Data block —

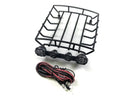 AB2320139 Absima Metal Luggage Rack with LED Set 130mm 1/10scale ABSIMA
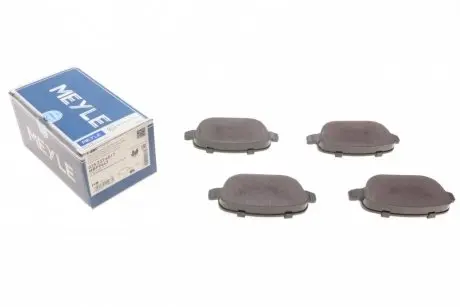 Тормозные колодки MEYLE 025 237 6017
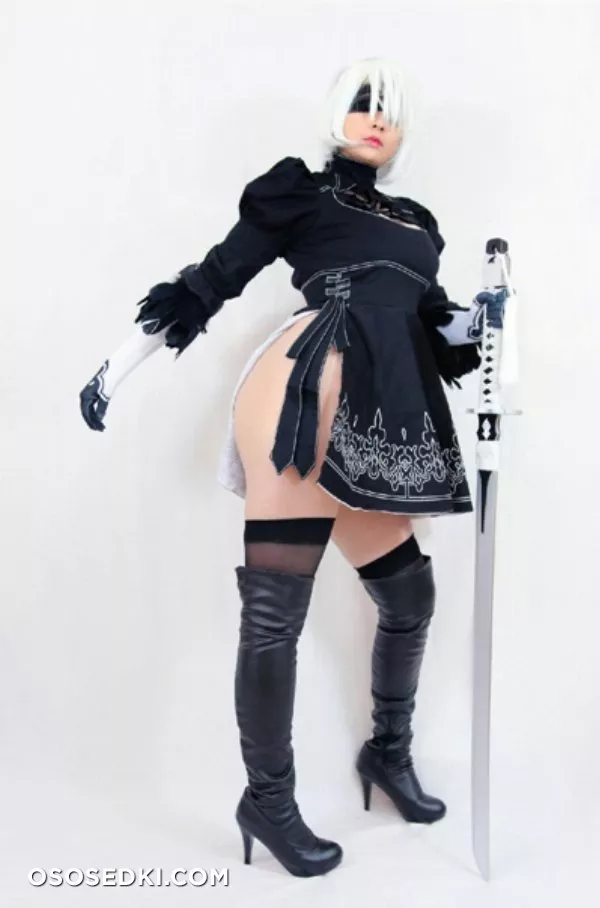2B (Nier Automata) Hidori Rose  - 3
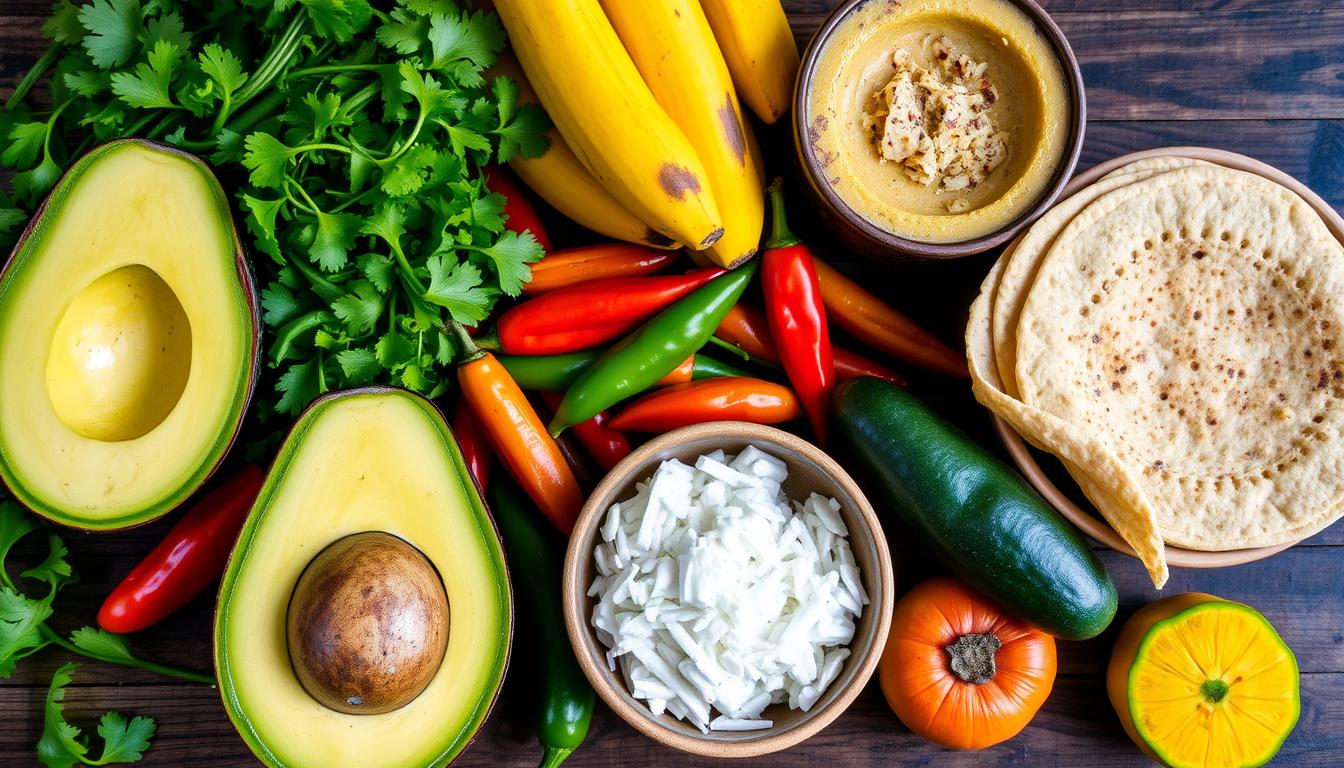Colombian ingredients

Exercise instructions —
Excluding images, output exactly the lines from the one that holds "2B (Nier Automata)" through the final line of the material, both ends included.

Output for this exercise —
2B (Nier Automata) Hidori Rose  - 3
Colombian ingredients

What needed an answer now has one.